Monday, 27 February 2012

Negative Energy

Fitness is everything when you play sport and rugby is defiantly one of the most active sports out there. You play 45 minutes haves where you constantly have to excel your self-forward from a run to sprint. Then using all your strength to make and brake tackles and rucks. To add to if once you’re removed in a half you cant be put back in the game. So there is no coming off to rest for a few minutes then back out to play. This is a game of fitness witch I’m lacking at the moment.
I have never been so unfit in my life and it is so hard to become motivated to become fit when it so hard to revisers bad habits. I start indoor training in a less then a month and I’m not anywhere close to being ready.
Training is really hard on my body and my knee I always in pain after coming home from the gym. I hate having to work twice as hard to get the same results as someone else. I know I sound supper negative but I really am. But unlike other negative people I want to use it for my advantage. I want to force my self to work hard, to believe I need to work harder to be at the same level as the team.

Friday, 17 February 2012

Switching Intimidation for Team work

Intimidation is one of the best things you can have when playing a contacted sport like rugby. My favor team in rugby is the New Zealand All blacks males rugby team they have defiantly perfected intimidation. For anyone that does not know a thing about rugby or the teams the All Black are ten time winners of the World cup.  

But they have really taken the intimidation factor to heart before every international game the whole team go and perform a Haka worrier dance. They stand on the pitch and scream at the top of their lungs and dance.

As a golden hawk I can relate to intimidation maybe not to the point the All Black have perfected but good enough. In the KASSAA league my past and present lady hawks have taken the championship dozens of times. At the moment holding the championship for numerous years in a row. We as hawk have used this to are advantage for years and will contain to do so.

Last year we faced for the first time of never having a single grade 12 lady hawk on are team. We where constantly forced to work on fundaments such a team work, positive attitude and responsibility because we had lost the “size” we used in the past. NDSS always had the biggest, fasted and best player in the KASSA bored to last year. We were a team of no “size”. For the first time NDSS was a small time in Size and numbers. But through out the season we had an up hill battle on how to overcome this. We became a fast team and a family. We built on become a team and working together.

By the end of the season we had developed a chemistry that was real and will carry on through to our up coming season in 2012.



Here is a video of the HAKA   

Wednesday, 15 February 2012

Dreams

Last night was the first time I have had a nightmare about reinjuring my knee in almost six months. In my nightmare I was back at my first game I played last season. It was at Queens out door turf and our last game of our season opener tournament. The rain was coming down so hard I could barley see up the pitch form the water hitting off my face.

In my dream I was standing on the cold raining pitch unable to see more then a few feet in front of me. I started to run for the try line with out any of my fellow lady hawks around. Out of nowhere I was blind sided with a tackle to my right knee then another from the left at the same time.

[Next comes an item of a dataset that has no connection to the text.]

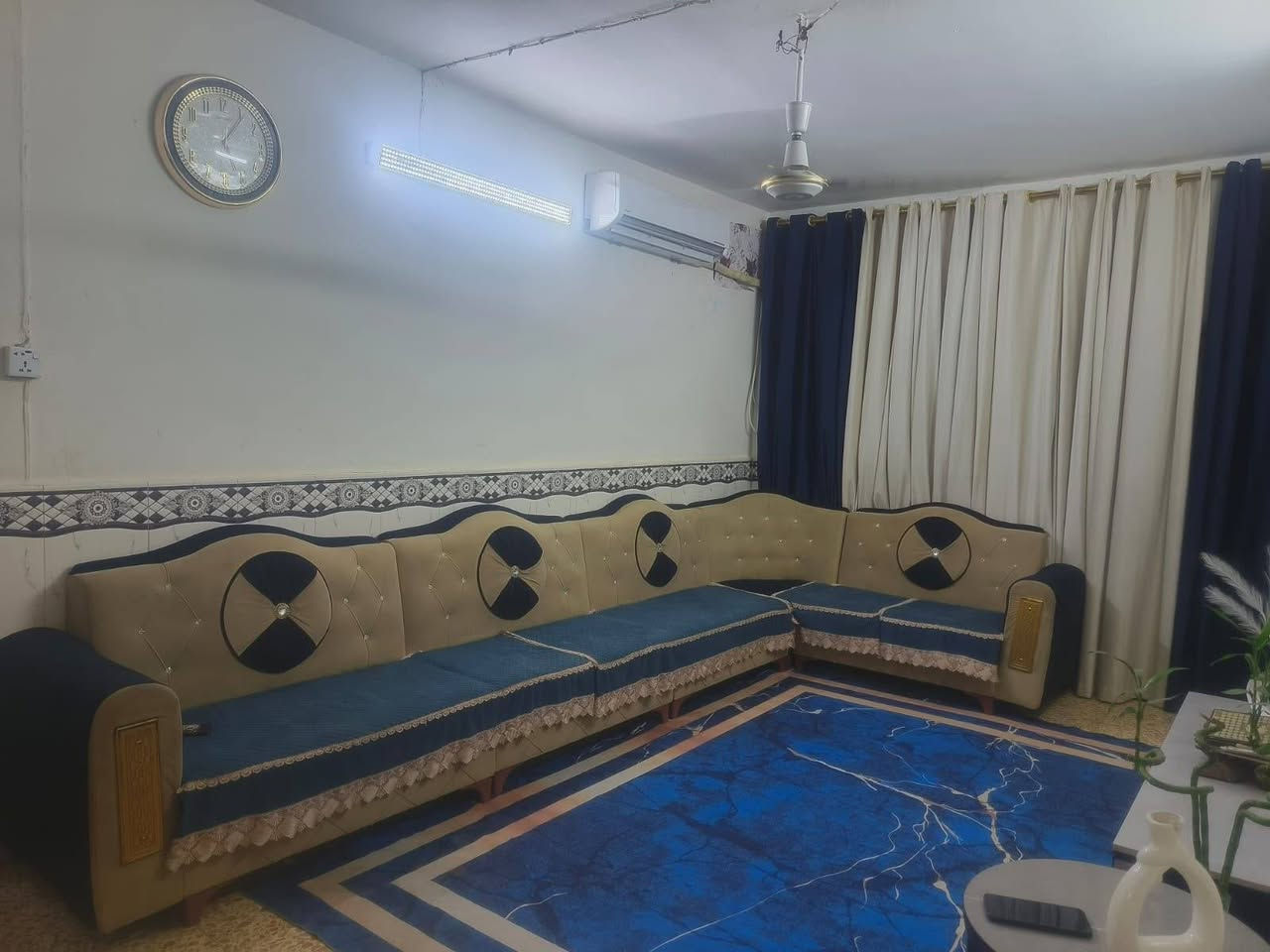 السلام عليكم مرخصة مدير الكرب المحترم عندي شقة للبيع طابق الأرضي البكان الزعفرانية الشقاق اسعيده وا سعر ٦٥ او هذا رقمي ***********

I woke up before I hit the ground in my dream; my knee was in so much pain that it felt I had tour my ligaments again. My whole body was stiff with fear as I slowly sat up in my bed to look at my knee. It seem my fears haven’t passed even after three years. 

Monday, 13 February 2012

My Recovery

Today will be my first blog ever so please bear with me. There is not much for me to write about other then my recovery from my open knee surgeries. During the winter of my grade ten year I managed to tear my ACL, PCL and medial meniscus at cheer practice. I gave up a whole year of my life for something that was very unimportant to me.

When I got the news that I could possibly never play sports again I felt my life was hitting rock bottom. My surgeon found only one possible way that I could have a 50% chance of playing rugby again. At fifteen I throw the dice with my future with having open knee surgery. The Surgeon told me if I chose to have the open petal knee graph I would have cryonic pain for life but a half a chance to play rugby. I took my odds.

I went though stomach turning pain, emotional heartbreak and solitude. I went months and months of this until the Day of Judgment on my knee was here. I remember waiting patiently and silently praying to my self for the news I wanted. When the Doctor walked and sat beside me I knew the news wasn’t good.  That was the day I was told I had to have another surgery before I could even attempted to play rugby.

I was sure I was going to lose my first year at being a Sr. ladies hawk or possible never playing rugby again.